I have the following immutable container class (public access to values
is just for reasons of simplicity):
struct Container
{
std::unordered_set<int> values;
//Default constructor
Container() = default;
//Copy constructor
Container(const Container& other)
: values(other.values)
{ }
//Move constructor
Container(const Container&& other)
: values(std::move(other.values))
{ }
Container RemoveValue(int value) const
{
//Create a copy of this object
Container copy(*this);
//Remove one element from the copy
copy.values.erase(value);
return copy;
}
};
This container contains a set of values. The method RemoveValue()
returns a copy of the current object where a specific value has been removed. An appropriate move constructor is defined for this struct.

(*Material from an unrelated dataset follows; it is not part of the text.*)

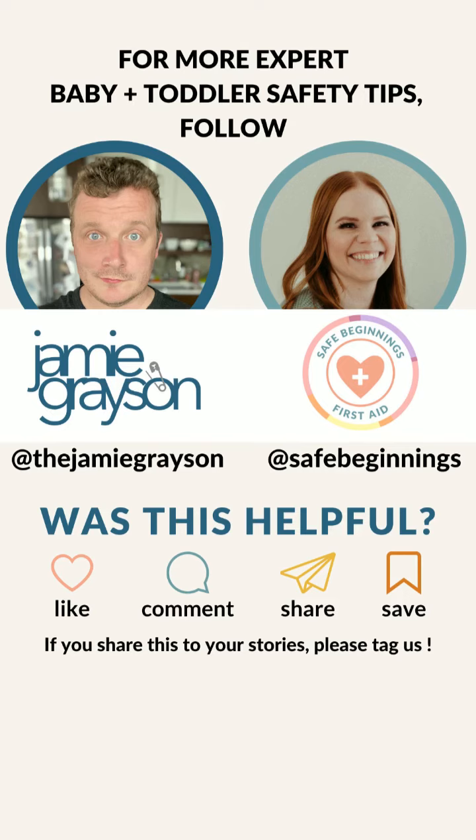For more expert baby and toddler safety tips, follow Jamie Grayson and Safe Beginnings.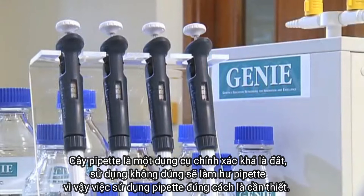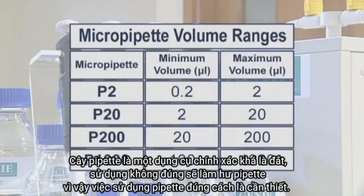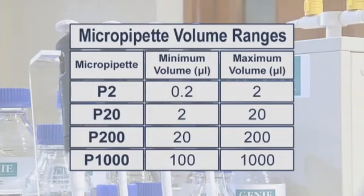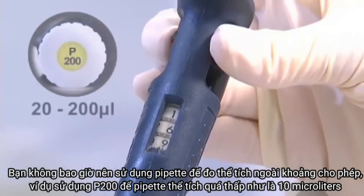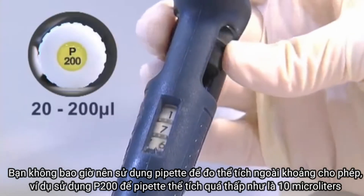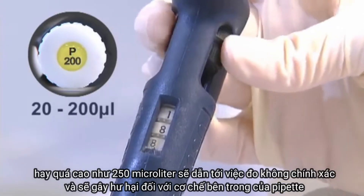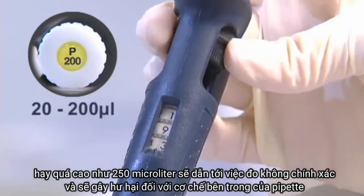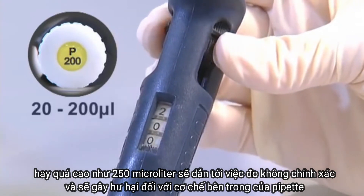A pipette is an expensive precision instrument, and improper use will damage it, so correct use is essential. You should never use a pipette to measure volumes outside of its range. For example, using a P200 to pipette too low a volume such as 10 microlitres, or too high a volume such as 250 microlitres, will result in inaccurate volume measurements and will damage the internal mechanism of the pipette.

I use this container as follows:
int main()
{
std::vector<Container> containers;
{
//Initialization
Container initialContainer;
initialContainer.values.insert(1);
initialContainer.values.insert(2);
containers.push_back(std::move(initialContainer));
}
const Container* currentContainer = &containers.front();
for (int value : currentContainer->values)
{
Container newContainer = currentContainer->RemoveValue(value);
//Do some checks, then...
containers.push_back(std::move(newContainer));
}
std::cout << containers.size() << std::endl;
return 0;
}
I initialize a vector of containers with a single container (with values 1 and 2). Then, I acquire a pointer to this initial element and iterate every value. For each value, I call RemoveValue()

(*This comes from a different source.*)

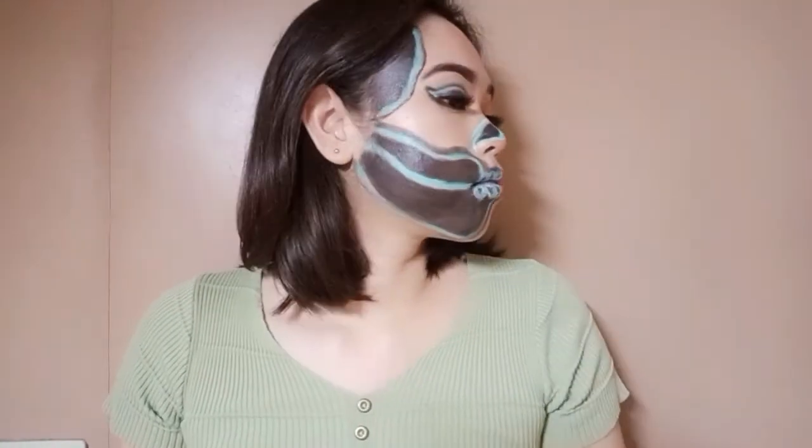Hey guys, welcome back to my channel. For today's video, I'm going to show you how I did this simple half glam half neon skull makeup look.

and insert the resulting container into the vector.
In gcc, this seems to work just fine. However, I get runtime errors in Visual Studio 2015.

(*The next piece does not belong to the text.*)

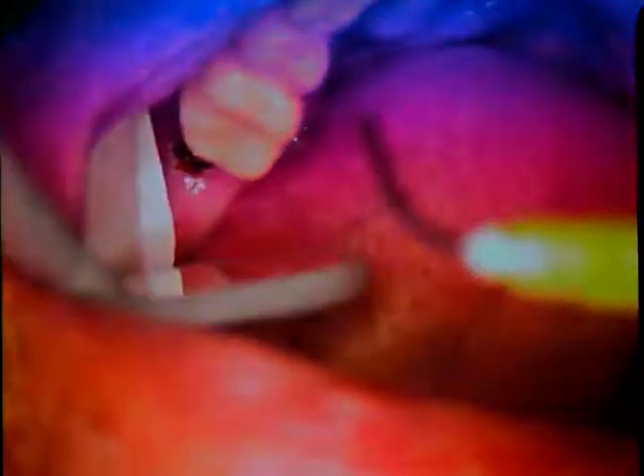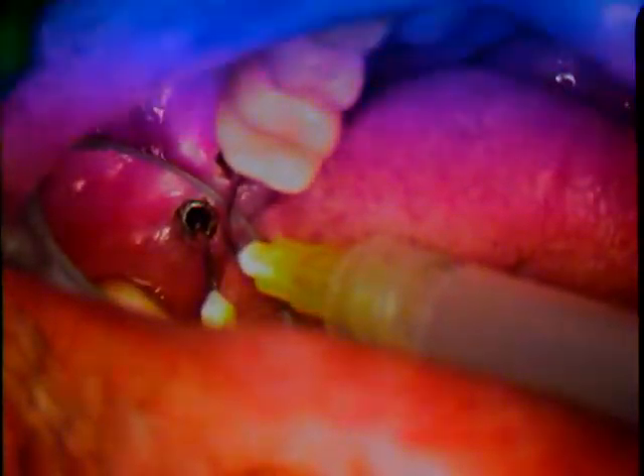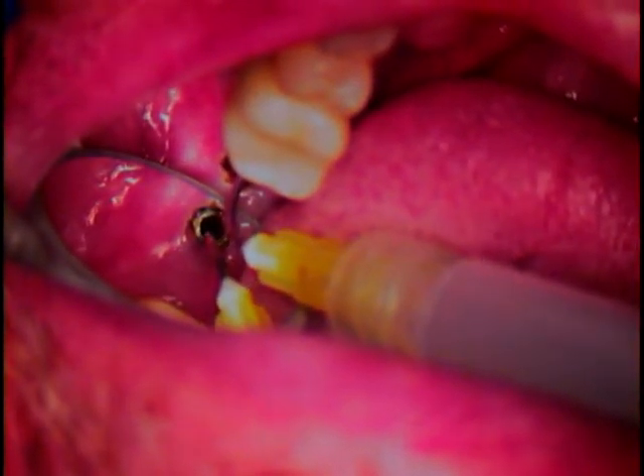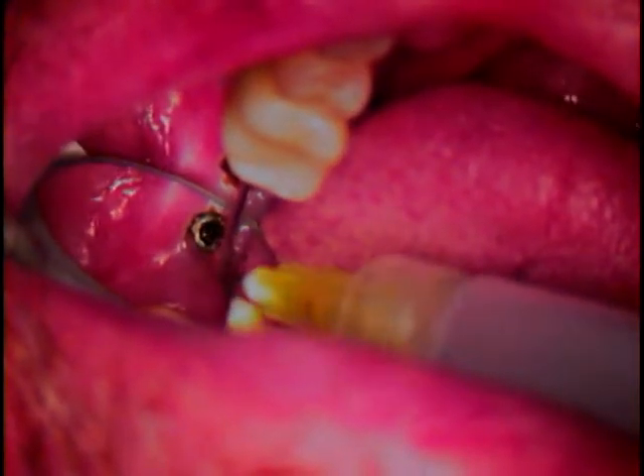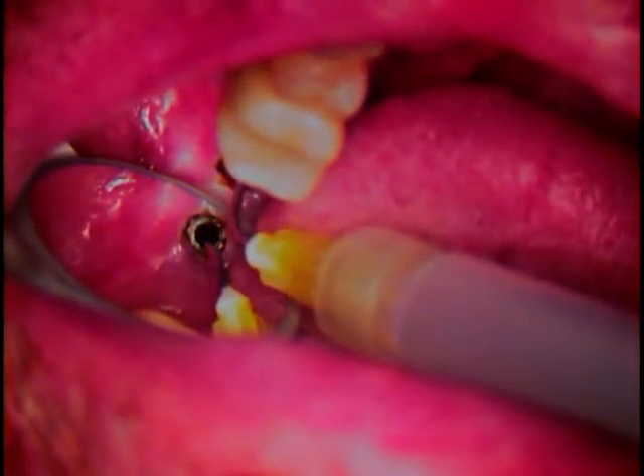Now we're going to go in and use micro suction. So this is the tip — it's a small gauge, 20-gauge component. I'm going to go all the way down inside to the base of the implant. Complete base. All the way down. Perfect fit.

In Debug Mode, the error is: "list iterator not incrementable". This error occurs after the first iteration at for (int value : currentContainer->values)
(when the iterator is to be incremented).
In Release Mode, the error is: "Access violation reading at position 0x38". This error occurs at copy.values.erase(value)
in RemoveValue
. But only in the second iteration. Surprisingly, values
does not contain elements at this point, anymore (size()
returns 0).
I don't understand either of these errors. How can I resolve them?
A C++ Shell example also runs without errors. However, it outputs 2
as the final number of containers, whereas I expected three (the initial one, one with 1
removed, one with 2
removed).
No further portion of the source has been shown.